Archaeological finds of early firearms from this part of Europe are not very numerous. One of the earliest artefacts is an iron-forged mortira found near Stary Krym in Crimea in 1885 (Fig. 5.1). This gun is dated to c. 1375-1425 and may be of Italian provenance, due to a strong presence of the Genovese in the peninsula. This gun is 44 cm long, its calibre is 8.1 cm and its weight is believed to be merely 11.5 kg. Another similar artefact of the same chronology is known from Ržev in Russia (Fig. 5.2). This gun is iron-forged, its total length is 46 cm and the calibre is 12.2-12.7 cm [34 p28, Fig. 4; 38 p59-60, Fig. 1; 39 p32, 34, cat. No. 1, Pl. 1]. As it can be seen, these guns are quite similar to the Grodno cannon, although they are iron and not copper alloy. A very interesting gun was discovered in the vicinity of Stary Krym in Crimea in 1966 and is now stored in the Museum of Antiquities in Feodosia (Fig. 6). Its total length is 895 mm and its calibre is 148 mm. This cannon is made of bronze and it is supposed that it may be of mid-15th c. Genovese origin. On the other hand, its Turkish (or local?) provenance cannot be excluded, either. The chase of the cannon is decorated with what seems to be an “Eastern” ornament (inscription?) [34 p27-28, Figs.1-2; 38 p60-62, Figs. 3-5]. Furthermore, a possibly mid-15th c. veuglaire was found in 1911 in the River Narva (it is stored now in the Military-Historical Museum of Artillery, Engineers and Signal Corps in St. Petersburg, inv. No. 1/1) [31 p222-223, Fig. 1].

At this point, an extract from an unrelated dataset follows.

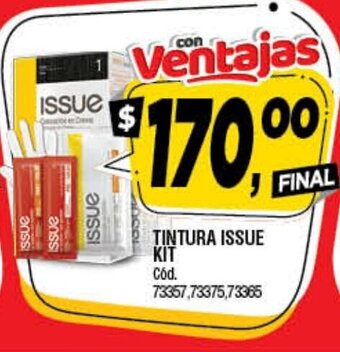 Supermercados Yaguar Tintura Issue Kit oferta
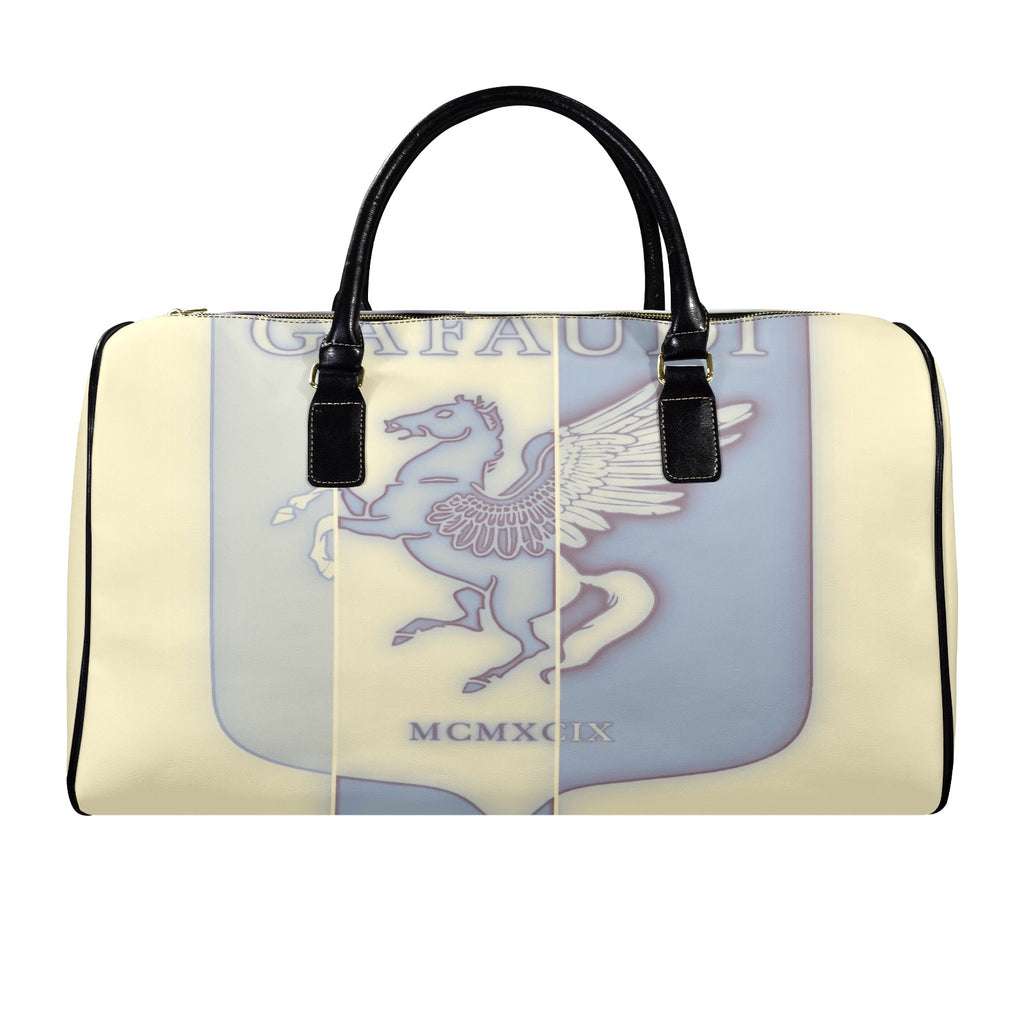 GAFAUDI Leather Travel Bag-Large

An early handgonne dated to c. 1375-1450 was found somewhere in Central Russia and is now stored in the Ivanovo State Museum of History and Local Lore. A similar gun, dated to c. 1400 and possibly related to Rus-Mongol conflicts in the 1420s-1440s, was discovered in the River Lukh in the Vladimir Region [32 p87-88, Fig. 41, Pl. 28; see also 40 p42, Figs. 28 and 33]. Two fragments of hand-held gun barrels and an iron fitting of such firearms that may be dated to the late 15th-16th c. were found in the fortresses of Staraya Ladoga and Orešek in North-Western Russia [41 p220-224, Figs. 2.1-3].
One of the most obvious analogies is an early 15th c. light field Teutonic cannon from Kurzętnik (Kauernick) in Western Prussia (now North-Eastern Poland) (Fig. 7). This gun shares the same construction design with the cannon from Grodno, that is, a narrower breech and a wider chase. Its dimensions are the following: total length 507 mm, calibre 135 mm, length proportion between the calibre and the powder chamber 1:1.7, weight 42.28 kg. Technological examinations have demonstrated that this cannon was cast using copper with antimony (Sb) and lead (Pb) impurities. Regrettably, no quantitative analysis of the elemental content was carried out [21 p155-162, Figs. 1-9, p182, Fig. 37, p184-186, Fig. 38].
Attention is also drawn to a late 14th-early 15th copper alloy cannon of possibly Bosnian origin, now in the collection of the Museum für Deutsche Geschichte in Berlin (inv. No. W 347). Its total length is 65 cm, its calibre is 14 cm, its powder chamber diameter is 5.2 cm and the weight is 80.3 kg. The chase is somewhat wider than the breech, although this difference is not that pronounced as in the case of the cannon from Grodno [2 p87; 42 p36].
A convenient analogy is also offered by a light field cannon from the collection of the Zeughaus in Berlin. This gun is dated to the 2nd half of the 15th c. and is probably related to Burgundian-Swiss conflicts from the 3rd quarter of this century. It is made from iron bars and is provided with a holder and an additional iron ring. The barrel is 80.5 cm long, its calibre is 18.0 cm while the powder chamber’s diameter is 5.0 cm. This gun is mounted on a two-wheel carriage, provided with an “aiming bracket” or a split-trail elevation [4 p310-311, No. 25].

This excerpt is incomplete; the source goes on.